Later followers, inspired by his works in Christian eschatology and historicist theories, are called Joachimites.

Biography
Born in the small village of Celico near Cosenza, in Calabria (at the time part of the Kingdom of Sicily), Joachim was the son of Mauro de Celico, a well-placed notary, and of Gemma, his wife. He was educated at Cosenza, where he became first a clerk in the courts, and then a notary himself. In 1166–1167 he worked for Stephen du Perche, archbishop of Palermo (c. 1167–1168) and counsellor of Margaret of Navarre, regent for the young William II of Sicily.

About 1159 he went on pilgrimage to the Holy Land, where he experienced a spiritual crisis and conversion in Jerusalem that turned him away from a worldly life. When he returned, he lived as a hermit for several years, wandering and preaching before joining the Cistercian abbey of Sambucina near Luzzi in Calabria, as a lay brother without taking the religious habit. There he devoted his time to lay preaching. The ecclesiastical authorities raising objections to his mode of life, he joined the monks of the Abbey of Corazzo, and was ordained a priest, apparently in 1168. He applied himself entirely to Biblical study, with a special view to uncovering the arcane meanings he thought were concealed in the Scriptures, especially in the apostle John's Revelation. To his dismay, the monks of Corazzo proclaimed him their abbot (c. 1177). He then attempted to join the monastery to the Cistercian Order, but was refused because of the community's poverty. In the winter of 1178 he appealed in person to William II, who granted the monks some lands.

In 1182 Joachim appealed to Pope Lucius III, who relieved him of the temporal care of his abbey, and warmly approved of his work, bidding him continue it in whatever monastery he thought best. Joachim spent the following year and a half at the Cistercian Abbey of Casamari, where he engaged in writing his three great books. There the young monk, Lucas (afterwards Archbishop of Cosenza), who acted as his secretary, was amazed to see so famous and eloquent a man wearing such rags, and the wonderful devotion with which he preached and said Mass.

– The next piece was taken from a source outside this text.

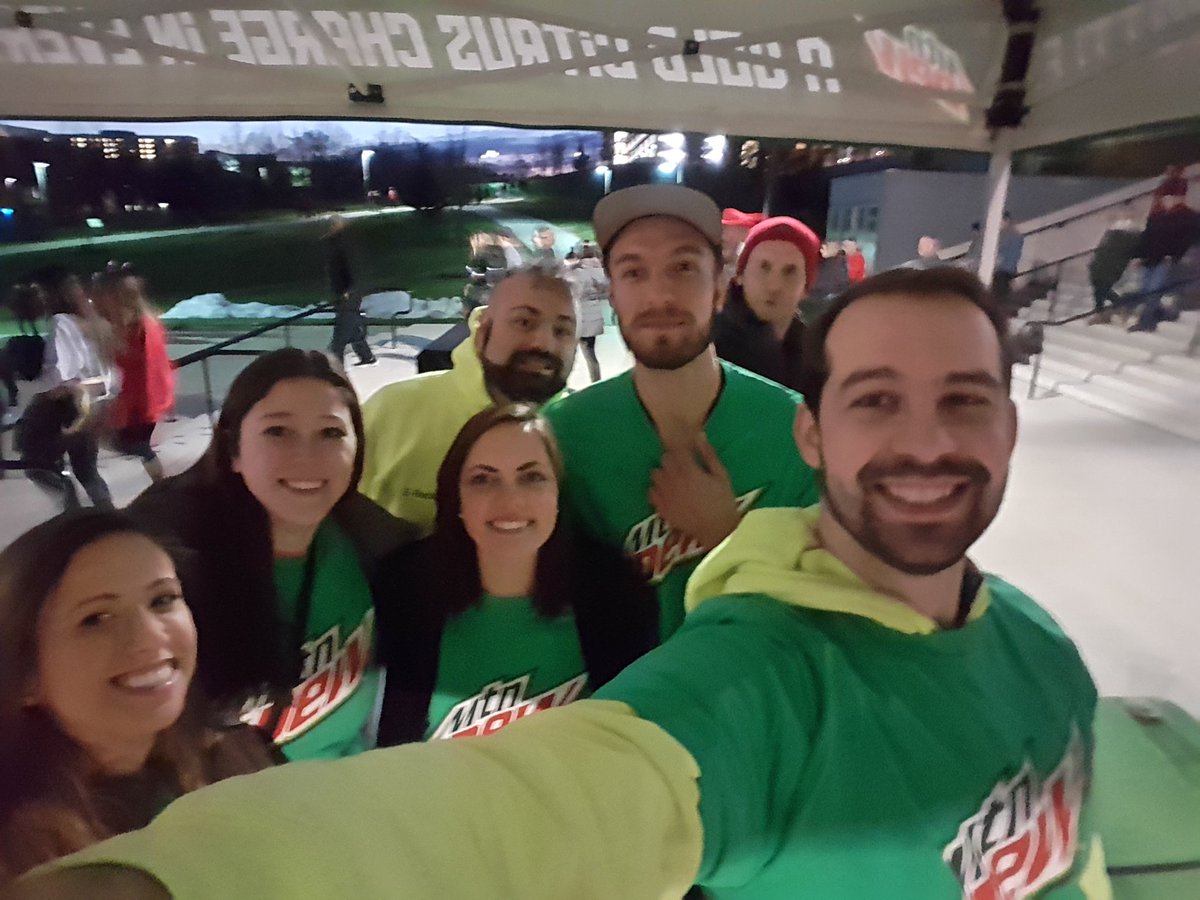 RAKinsler's tweet photo. Just #doingthedew w/ @GriffinQ @playuss & 15k @TerrapinHoops fans Retweet if you snagged a free can! #feartheturtle https://t.co/b9dreF6Zb2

In 1184 he was in Rome, interpreting an obscure prophecy found among the papers of Cardinal Matthew of Angers, and was encouraged by Pope Lucius III. Succeeding popes confirmed the papal approbation, though his manuscripts had not begun to circulate.  Joachim retired first to the hermitage of Pietralata, writing all the while, and then founded the Abbey of Fiore (Flora) in the mountains of Calabria. He refused the request of King Tancred of Sicily (r. 1189–1194) to move his new religious foundation to the existing Cistercian monastery of Santa Maria della Matina.

On Good Friday in 1196, Empress Constance, also Queen of Sicily, summoned Joachim of Fiore to Palermo to hear her confession in the Palatine Chapel. Initially the empress sat on a raised chair, but when Joachim told her that as they were at the places of Christ and Mary Magdalene, she needed to lower herself, she sat on the ground.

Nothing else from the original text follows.